According to data collected by the Ministry of the Economy, Labour, and Social Policy (Ministerstwo Gospodarki, Pracy i Polityki Społecznej, MGPiPS), there were 966 work-related 'protest actions' in 2003, a 48% increase on 2002 (when there were 651 protests). 'Protest actions' include all types of strike (strikes proper as well as warning strikes, solidarity strikes, sit-ins etc) as well as demonstrations, marches, picketing, road-blocks, occupation of buildings etc. Of the various types of protest actions, demonstrations (18% of all protests) and picketing/blockading of roads (15%) were resorted to most frequently in 2003, while strikes proper accounted for only a small percentage of the protests.
According to data from the Central Statistical Office (Główny Urząd Statystyczny, GUS), there were 24 strikes in 2003, up from a single strike in 2002 (PL0307103N). The 2003 strikes involved a total of 3,000 employees - 18.5% of the combined workforce of the enterprises and institutions in which these strikes took place. The strike participation figures for employees performing manual/physical labour was broadly similar to the overall picture, with only a fifth of manual workers joining strikes held at their employing establishment. Commentators suggest that this might be taken as suggesting a waning of the working class militancy displayed in major protests in 1980-1 and later years.
Overall, 52,400 working hours were lost through strikes in 2003, an average of 17 hours per strike participant. The longest strike, held in a comparatively small garment business, went on for 20 days. Of the 24 strikes held in 2003, 15 were in industry, seven in services and two in transport.
The type of protest most frequently seen in 2003 involved disgruntled farmers blockading roads, ranging from access routes to the local granary to national highways. Most of these events were concentrated in the first months of 2003, particularly in February. On some days, the Wielkopolska region of western Poland was affected by 50 road-blocks at once. Many were staged, perhaps surprisingly, by relatively prosperous farmers, who own farms that, while not necessarily large, are well-equipped and turn a profit.
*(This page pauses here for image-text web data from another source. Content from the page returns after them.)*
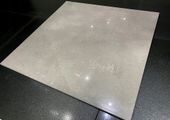 Gres polerowany 60x60 SZARY/GRAFIT WYPRZEDAŻ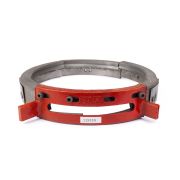 Тросоукладчик для талей электрических CD1 3,2 т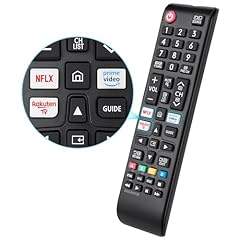 Smart remote bn59 gebraucht kaufen  Wird an jeden Ort in Deutschland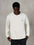 Essentials Ageless Crew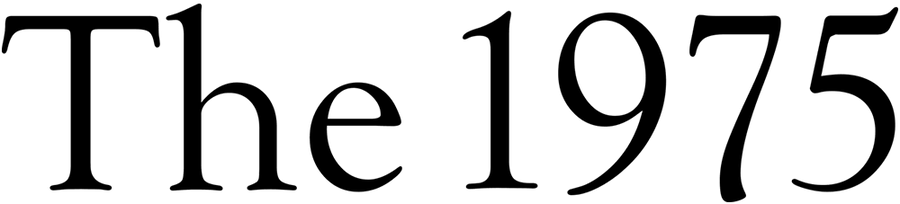 The 1975 Official Store
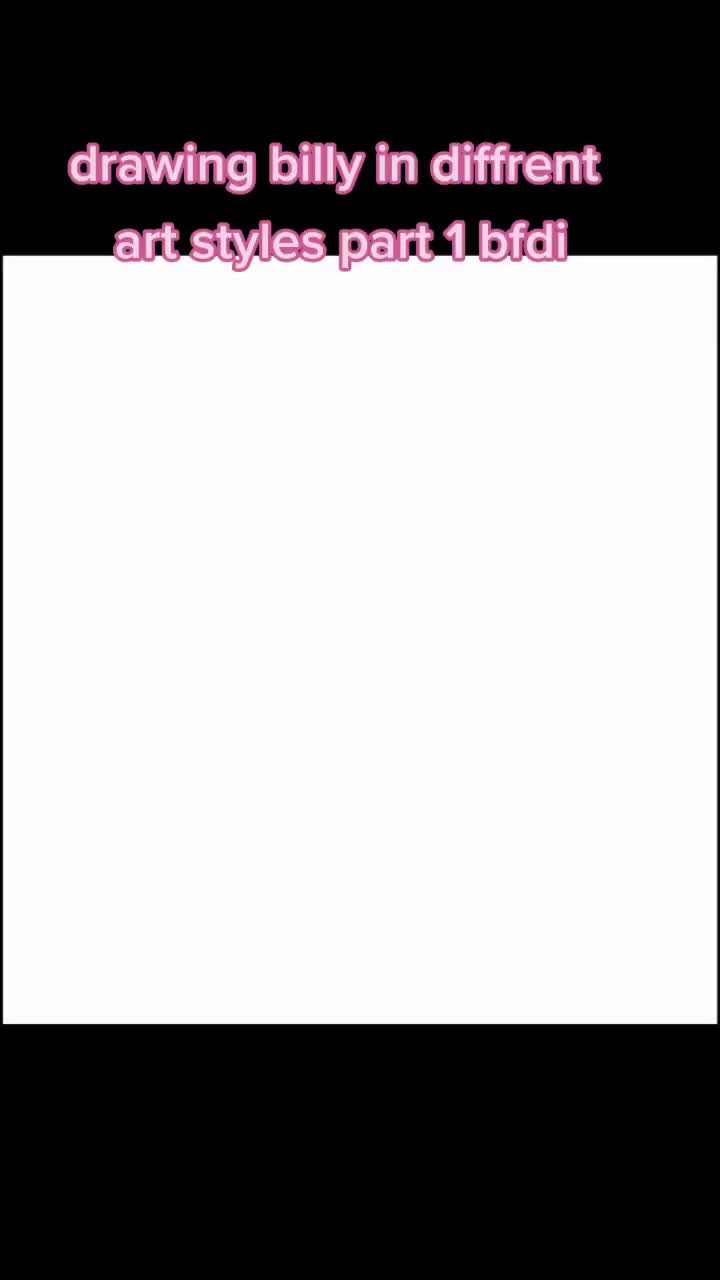 @x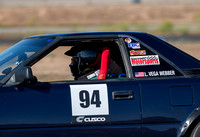 Slip Angle Track Events - Track day autosport photography at Willow Springs Streets of Willow 5.14 (226)
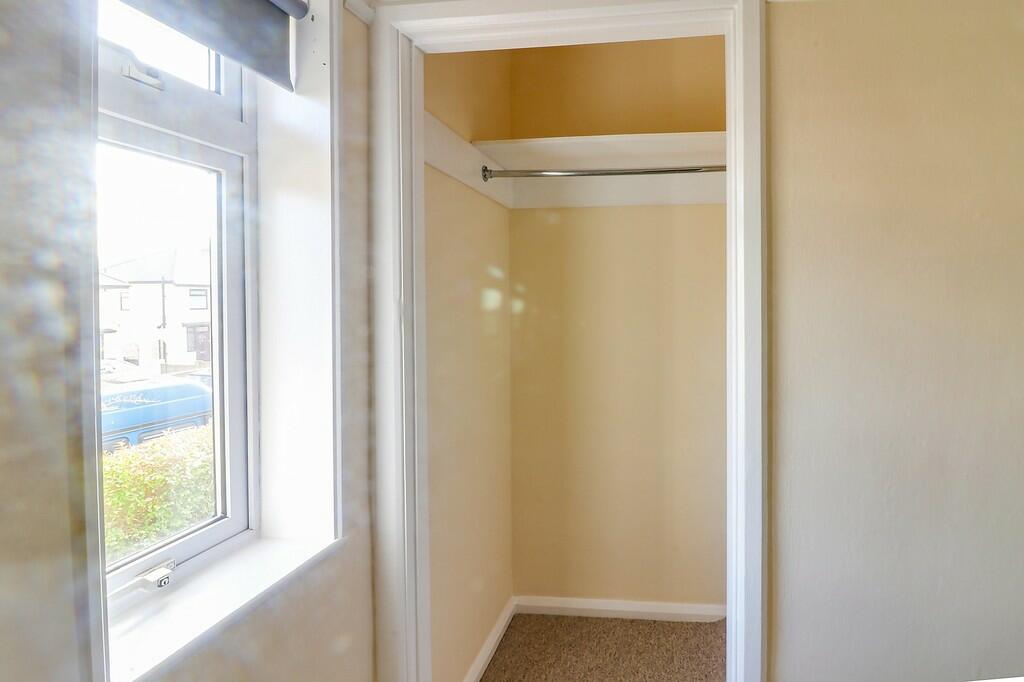 Additional image 11 of Upper Bloomfield Road, Odd Down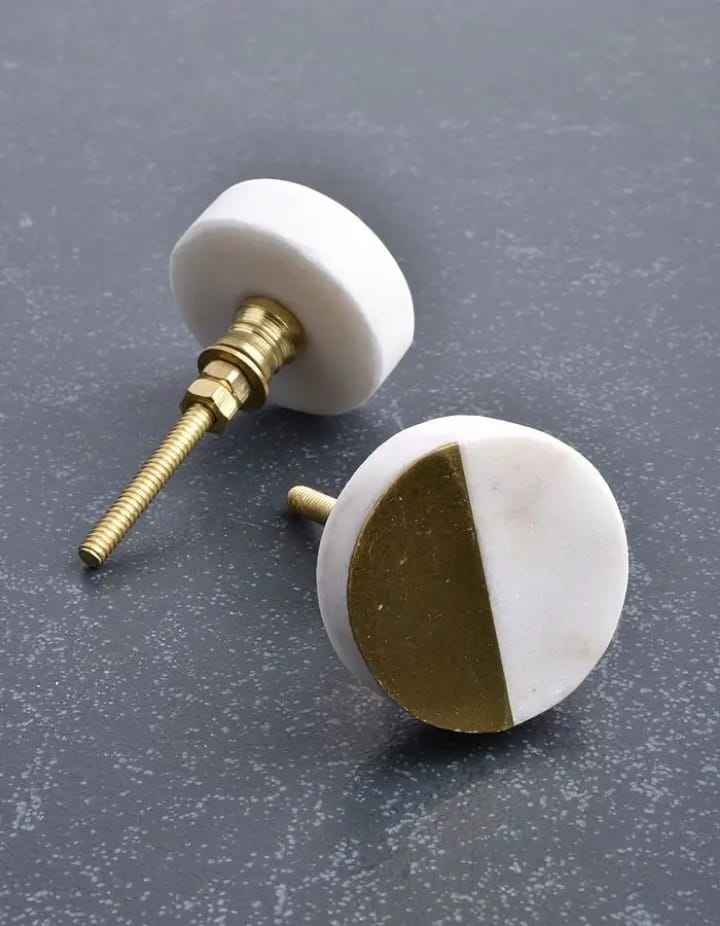 เหมือนในรูป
This group was most worried at the prospect of excessive liberalisation of agricultural policy and feared the results of Poland’s imminent accession to the European Union.
Protests in the mining and metalworking industries simmered throughout 2003. Towards the end of summer, protests broke out in the healthcare sector over planned changes to the legal status of the organisational units of the national health system. In November 2003, the Independent and Self-Governing Trade Union Solidarity (Niezależny Samorządny Związek Zawodowy Solidarność, NSZZ Solidarność) organised what it referred to as 'nationwide days of protest against the antisocial policies of the government', which attracted some 60,000 participants - a respectable number by Polish standards, although the organisers had apparently hoped for more.
Main protests
According to a report prepared by the Ministry of the Economy, Labour, and Social Policy (Informacja na temat akcji strajkowych w Polsce w roku 2003, Piotr Bogusz), in terms of sectors and groups, the largest protest actions in 2003 were held in agriculture, mining and healthcare, and by taxi drivers and unemployed people.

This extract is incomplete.